For detailed instructions on creating a Hadoop Eco cluster, see Create a cluster.
Step 1. Integrate Data Catalog in Hadoop Eco
When creating a cluster in Hadoop Eco, first integrate with Object Storage, then set up the Data Catalog.
Connection details differ by catalog type (Standard, Iceberg).
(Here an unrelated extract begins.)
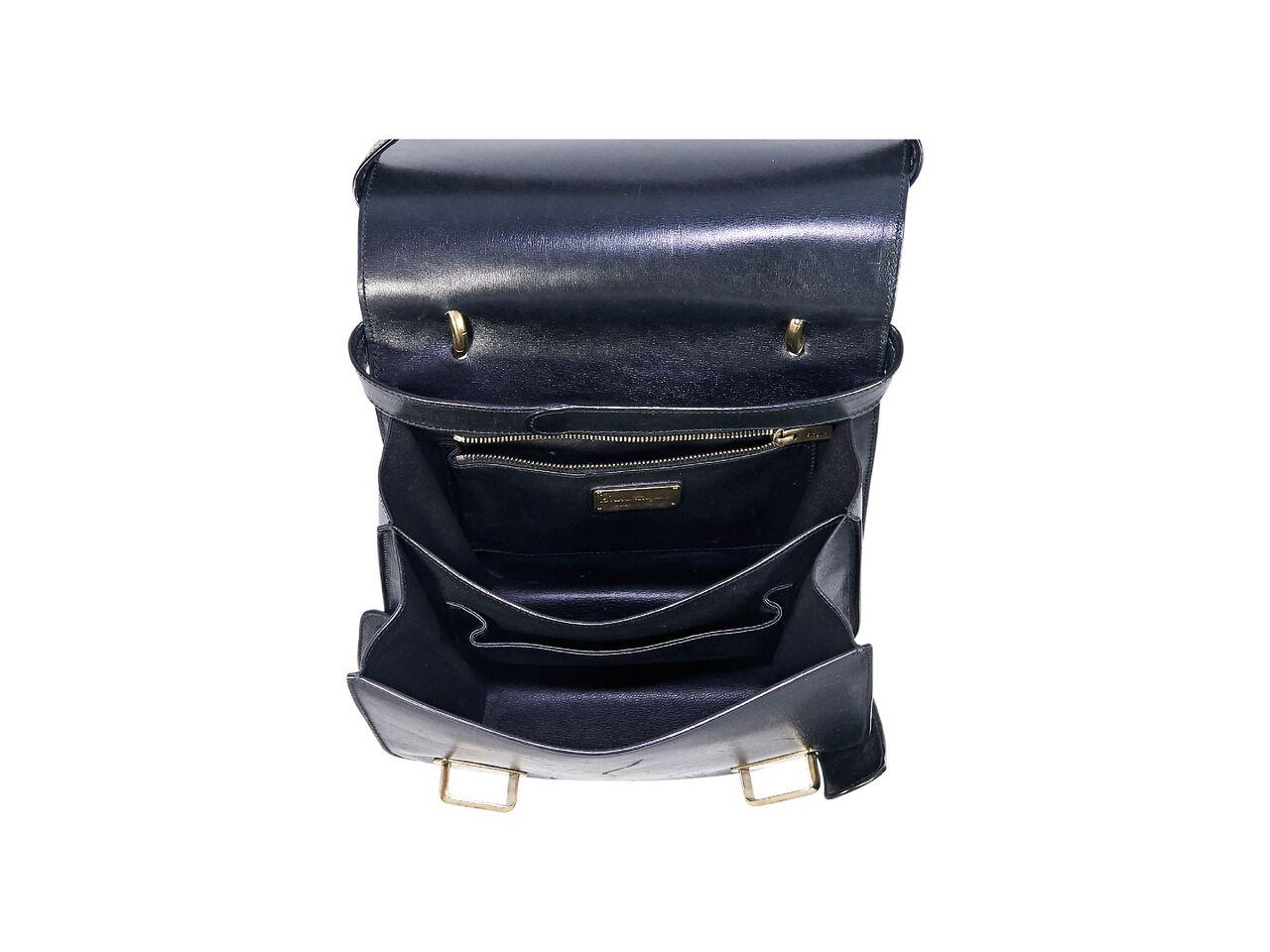 Black Salvatore Ferragamo Leather Shoulder Bag 1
Select the appropriate type below.
- Integrate with a Standard catalog
- Integrate with an Iceberg catalog
- To integrate with Object Storage, add
core-site.xmlproperties in Hadoop Eco > Create Cluster > Step 3: Advanced settings (optional).
-
For issuing S3 credentials, see Authentication.
Object Storage connection settings{
"configurations":
[
{
"classification": "core-site",
"properties":
{
"fs.s3a.service.kic.credential.id": "credential_id",
"fs.s3a.service.kic.credential.secret": "credential_secret",
"fs.s3a.access.key": "access_key",
"fs.s3a.secret.key": "secret_key",
"fs.s3a.buckets.create.region": "kr-central-2",
"fs.s3a.endpoint.region": "kr-central-2",
"fs.s3a.endpoint": "objectstorage.kr-central-2.kakaocloud.com",
"s3service.s3-endpoint": "objectstorage.kr-central-2.kakaocloud.com"
}
}
]
}
- To integrate with the Data Catalog, configure Create Cluster > Step 3: Service integration settings (optional).
- In Service Integration, select Integrate with Data Catalog.
- In Data Catalog integration, verify the Hadoop network/subnet, then select the desired catalog.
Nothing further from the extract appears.